The Silent Treatment
Jordan and Maggie are coming up on their third wedding anniversary. They’ve known each other for quite awhile, but they are still young in their marriage and learning how to communicate well with each other.
One of the problems they kept bumping into was that when she is angry, Maggie often defaulted to giving Jordan the silent treatment. This made him angrier than if she had yelled at him, and it always escalates into a bigger fight.
While it sort of works for children, in an adult relationship, the silent treatment can be a devastating blow and inflict injuries that can destroy your marriage.
The Silent Treatment
Silence can actually be important when used for personal introspection or to process our inner feelings. This isn’t what we’re talking about, though.
What we’re talking about when we talk about the silent treatment is when a person shuts down a conversation by refusing to speak. Often, this behavior is meant to be aggressive and punitive to purposefully punish their partner.
What Maggie did to Jordan when she was angry was a particular version of the silent treatment known as stonewalling. She not only shut down any attempts at conversation, but she walled Jordan out from making any kind of attempt for repair.
In working with us, Maggie realized that she was shutting down conversation with Jordan when they were fighting because she couldn’t think fast enough to keep up with the emotionally charged pace of their arguments.
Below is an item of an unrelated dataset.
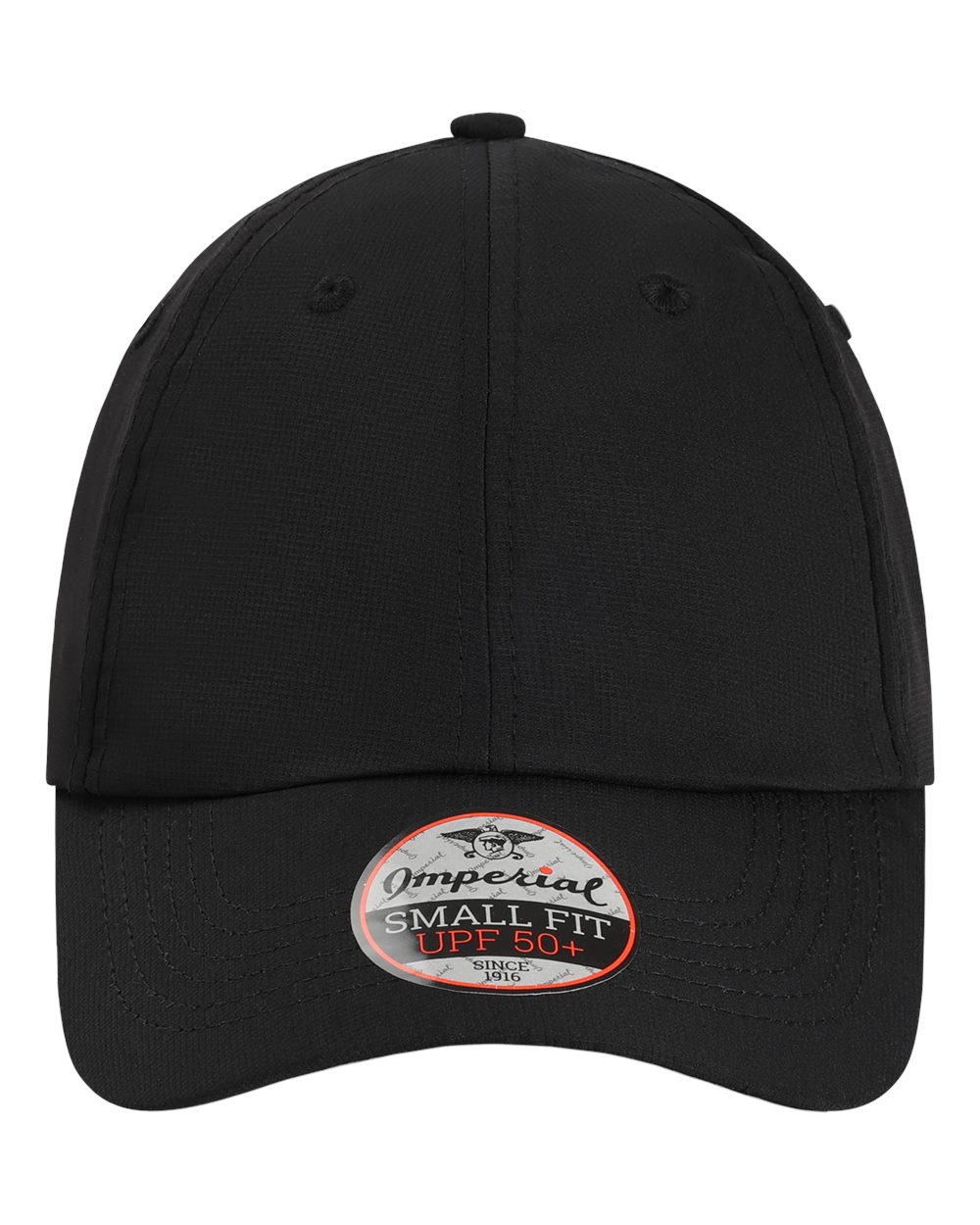 Imperial The Original Small Fit Performance Cap. L210P - Black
She became overwhelmed and totally shut down.
While she wasn’t intending to upset Jordan when she did this, she didn’t realize the damage it was actually causing to their relationship.
Call a Timeout Instead
Each time Maggie gave Jordan the silent treatment, she was asserting her control over the situation by shutting down any hope of talking through their issues. So, we suggested that she call a timeout instead.
When you feel overwhelmed or overtaxed by the conversation at hand, use your words to request a timeout. That is to say, you can push pause on the conversation when you ask to do so.
The deal is, though, you have to give your partner a time that you will return to talk again – and when you return, you have to be ready to be present and participate in a dialogue.
Calling a timeout is actually a respectful way to give yourself space to calm down and process even a little bit, so you can engage with your partner cooperatively to fix what’s wrong.
For Maggie, this looked like going for a walk or taking a shower. The more she practiced taking a timeout, the more she realized she only needed about a half hour or so to get her head on straight, to be able to hear Jordan clearly, and work with him to find a solution.
Once they had the timeout in their tool bag, their conversations went a lot smoother and they were able to come to a resolution much quicker.